Seguramente, a estas alturas, ya habrán leído y visto, entre los humeantes cafés o las espumosas cervezas, que no les escribo para fastidiar más sus preciosas rutinas periodísticas. Quede claro que no pretendo que se les indigeste el cruasán, se quemen los labios o tengan procesos acidificantes en su sistema digestivo.

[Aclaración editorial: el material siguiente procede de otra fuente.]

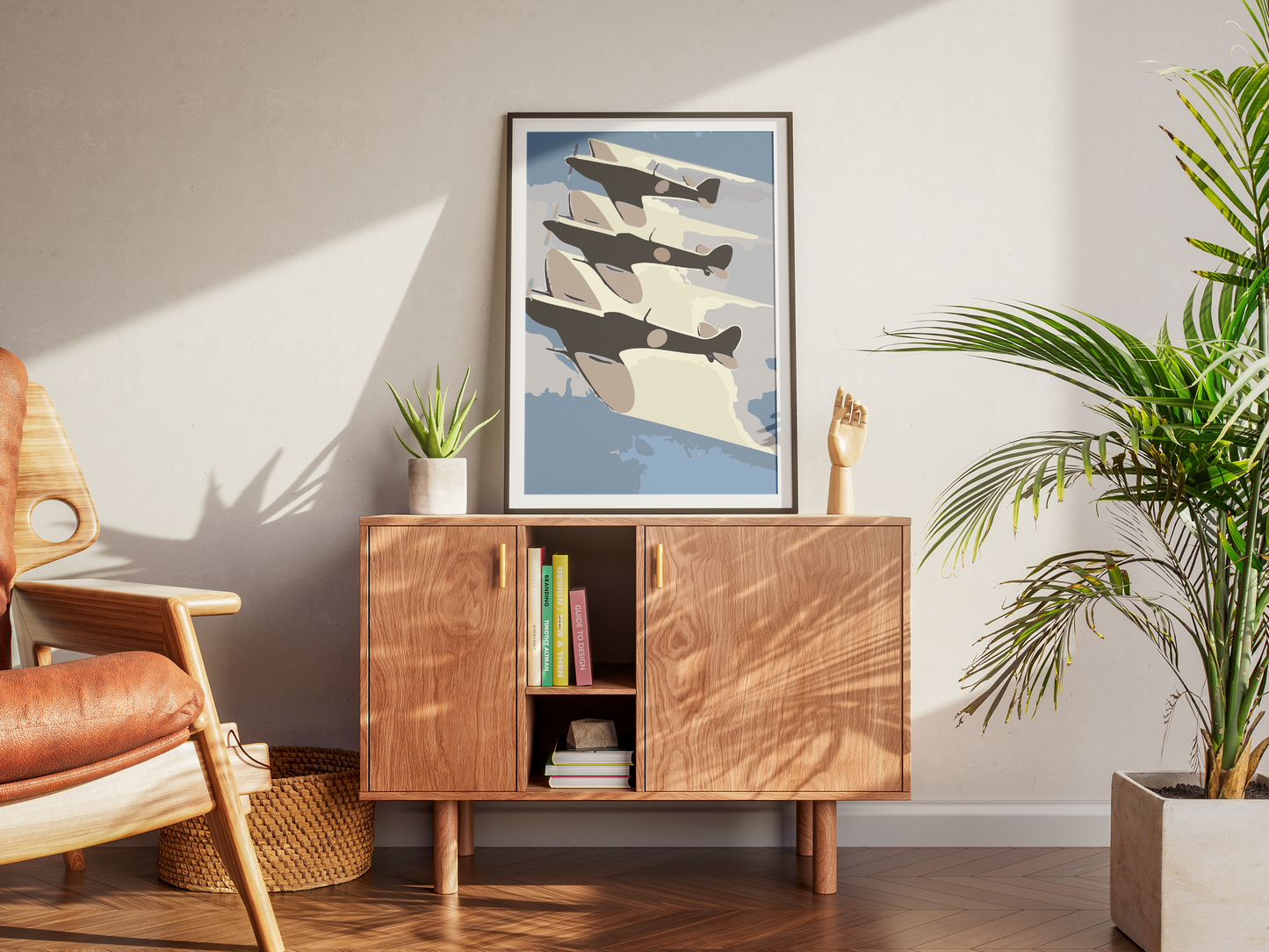 Poster - Ready to fly?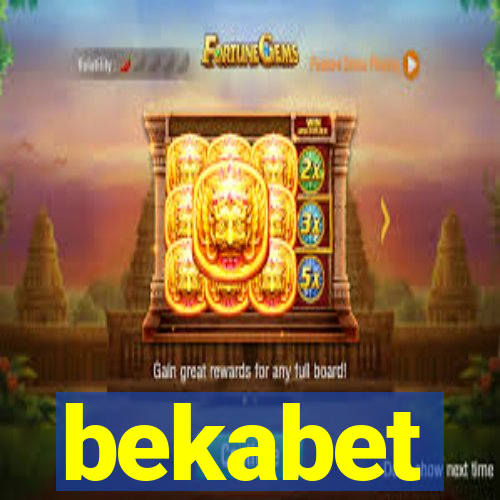 bekabet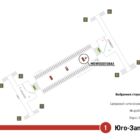 Digital ситиформат на станции метро 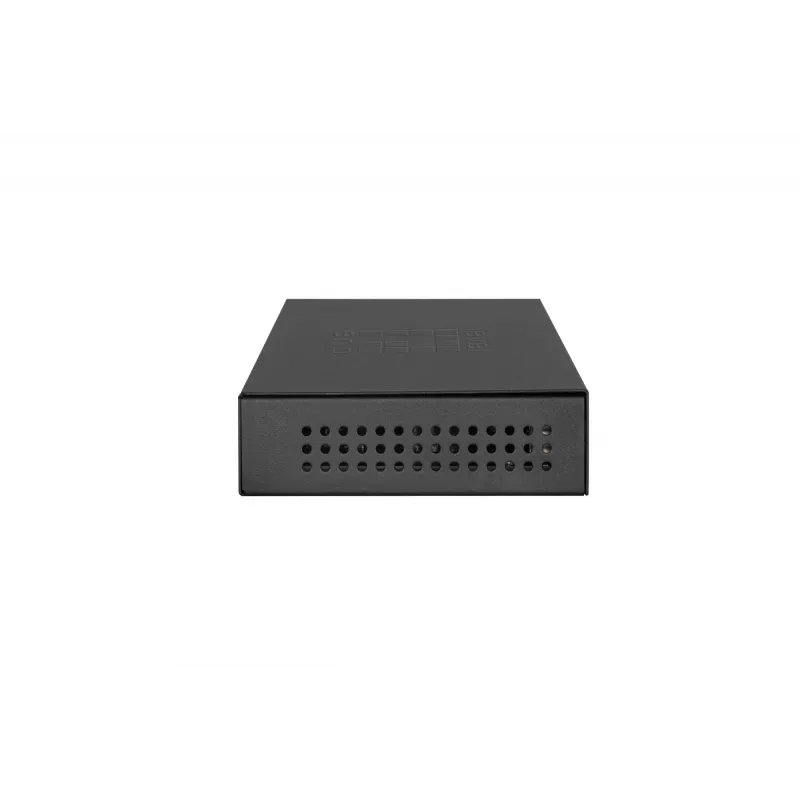 Switch LevelOne Hilbert 8 porte Gigabit Smart Lite, gestito, L2, Gigabit Ethernet (10/100/1000), full duplex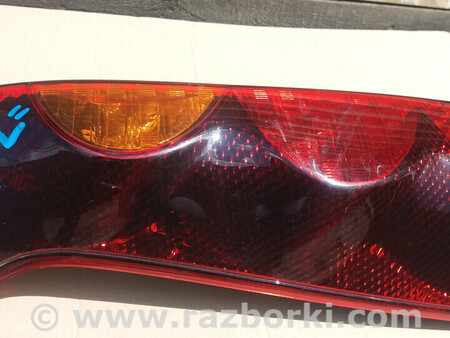 ФОТО Фонарь задний правый для Nissan Note E12 (2012-2019) Ковель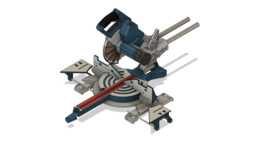 Bosch GCM8SJL���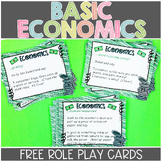 FREE Economics Causation Cards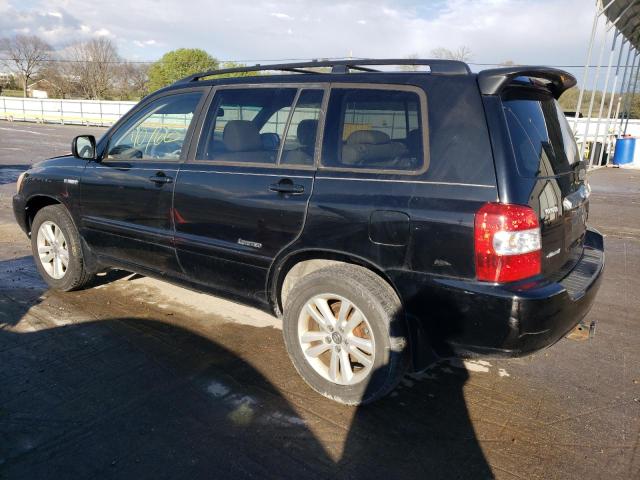 Photo 2 from auction – 2007 TOYOTA HIGHLANDER with VIN JTEHW21A970037753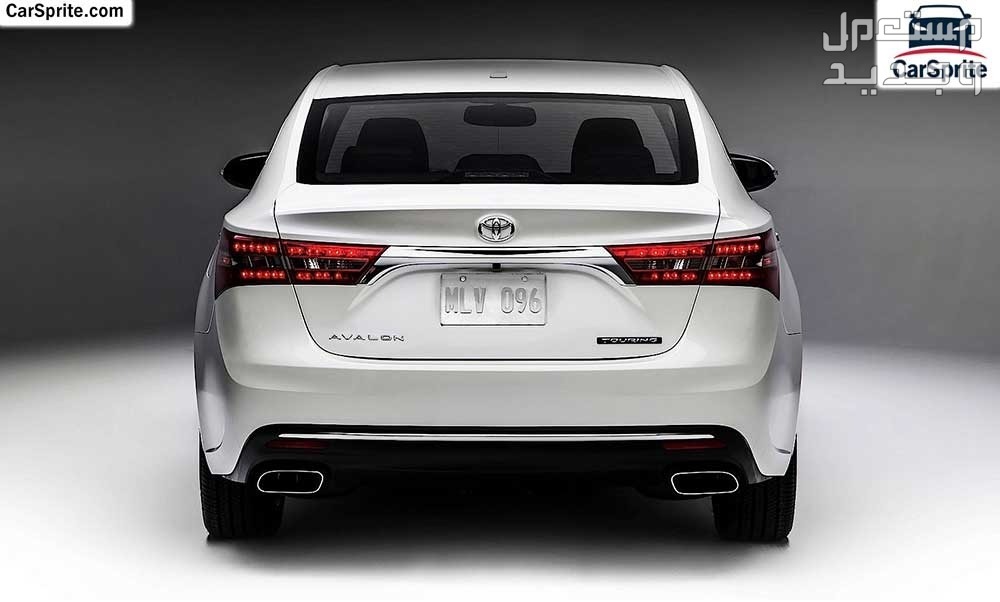سيارة تويوتا افالون TOYOTA AVALON 2018 مواصفات وصور واسعار سيارة تويوتا افالون TOYOTA AVALON 2018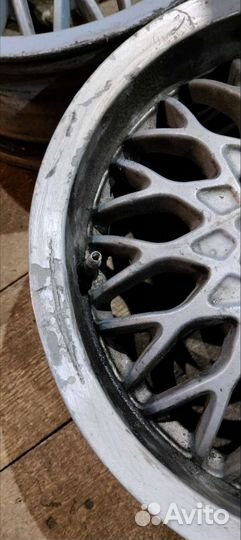 Диски Ronal r14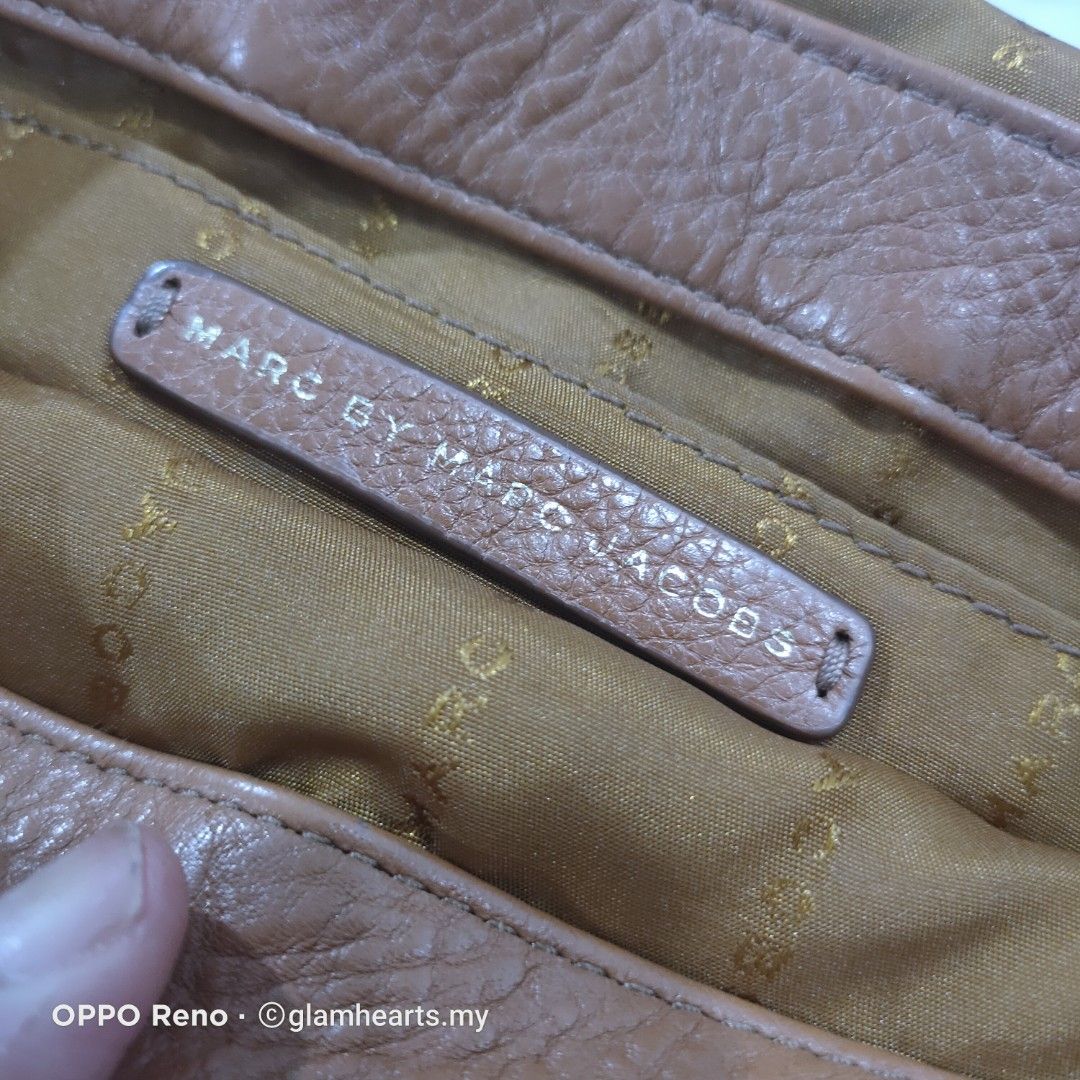 Marc Jacobs Too Hot Too Handle Natasha Crossbody Bag Luxury Bags Wallets On Carousell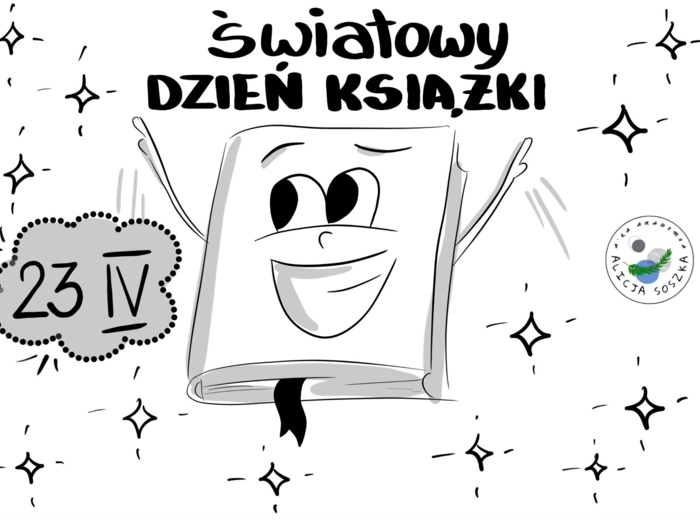ŚWIATOWY DZIEŃ KSIĄŻKI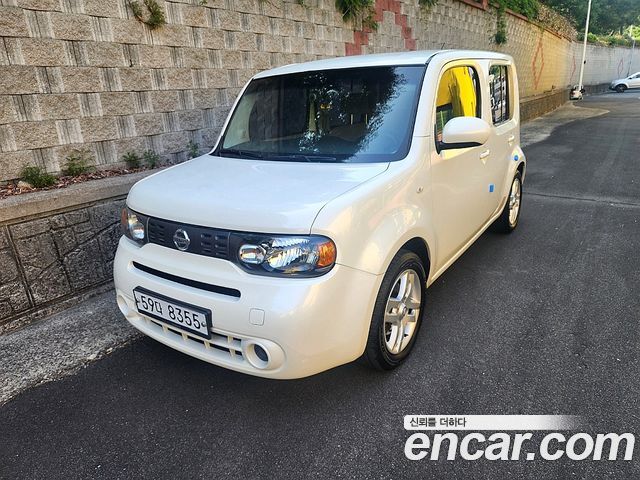 Nissan Cube 1.8 SL Z12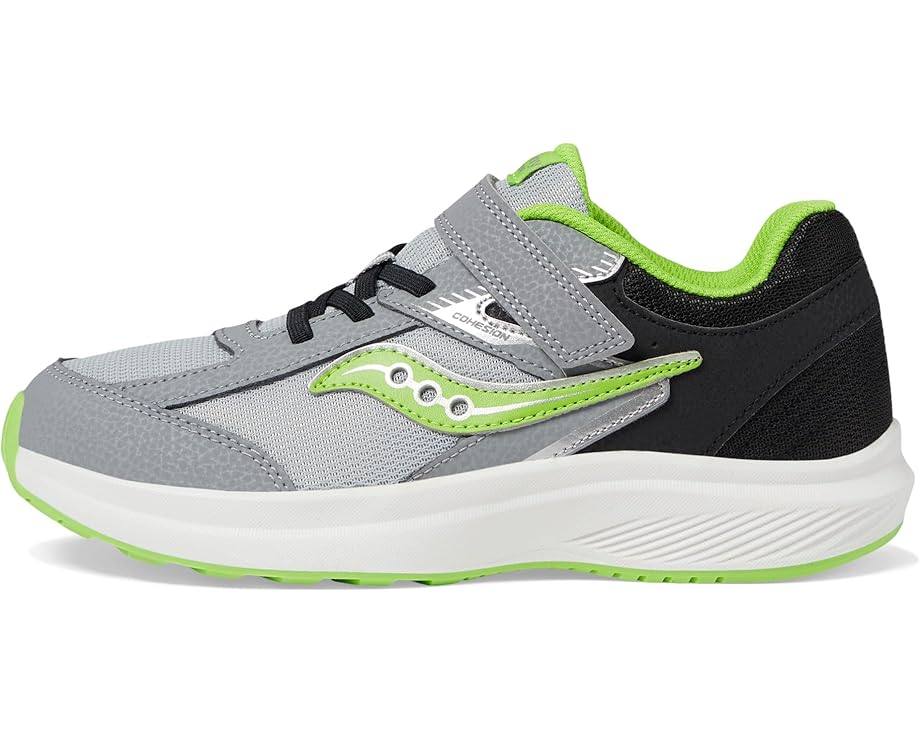 Saucony Kids Cohesion KDZ A/C Sneakers (Little Kid/Big Kid)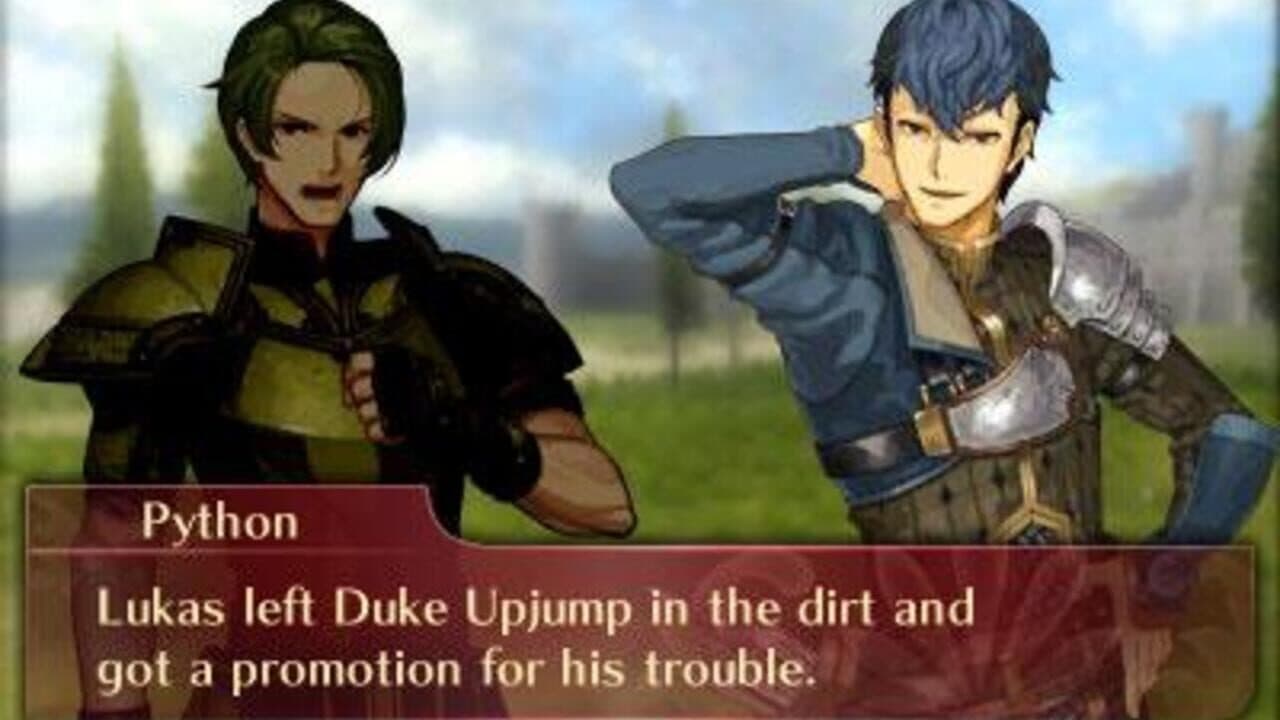 Fire Emblem Echoes: Shadows of Valentia - Limited Edition thumbnail 3
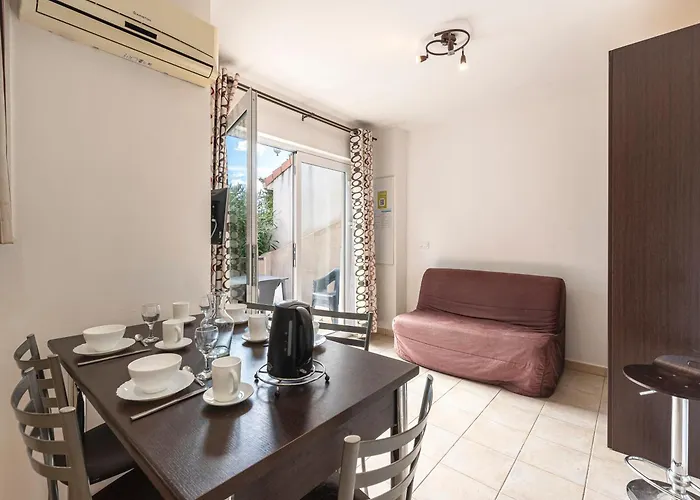 Üdülőpark Vacanceole - Lisa Maria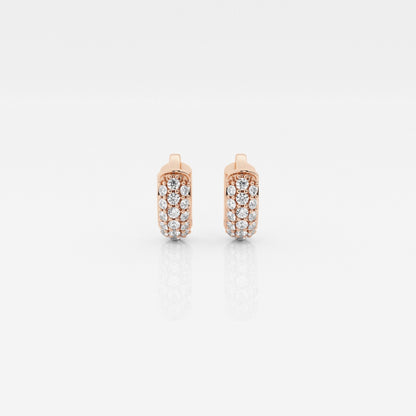 Naomi - Chic Second-Piercing Style Earrings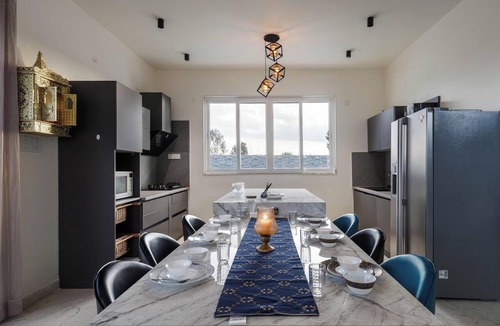 Doddaballapur Apartment | Crystal Blue Villa by Stayjadeprivatepoolvegfood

Digo lo anterior porque difícilmente mis cuatro palabras pueden enturbiar más los fangos políticos, económicos y sociales de este mundo que se desvive cada día por morirse a marchas forzadas. Ahora se invierte más en armas, en odio, en desprecio, en miedo, en terror. Lo tenemos delante de los ojos, lo pagamos con nuestros impuestos y no lo vemos, pero penetra en nuestro subconsciente haciéndonos cómplices callados de esos intereses espurios y depravados de no pocos que se sientan en instituciones que, de ser honorables, procurarían bienestar, salud, cultura...

En fin, en un futuro, parece ser que no muy lejano, nuestros hijos o nietos serán soldados y los camposantos ampliaran sus instalaciones y alguien hará negocio con las cruces o las lápidas. Veremos seguramente estatuas a los héroes o los desaparecidos. Se harán homenajes y recordatorios a las víctimas… si es que queda alguien en este mundo para contarlo. Les deseo el mejor de los días. La fiesta de la bestia continúa.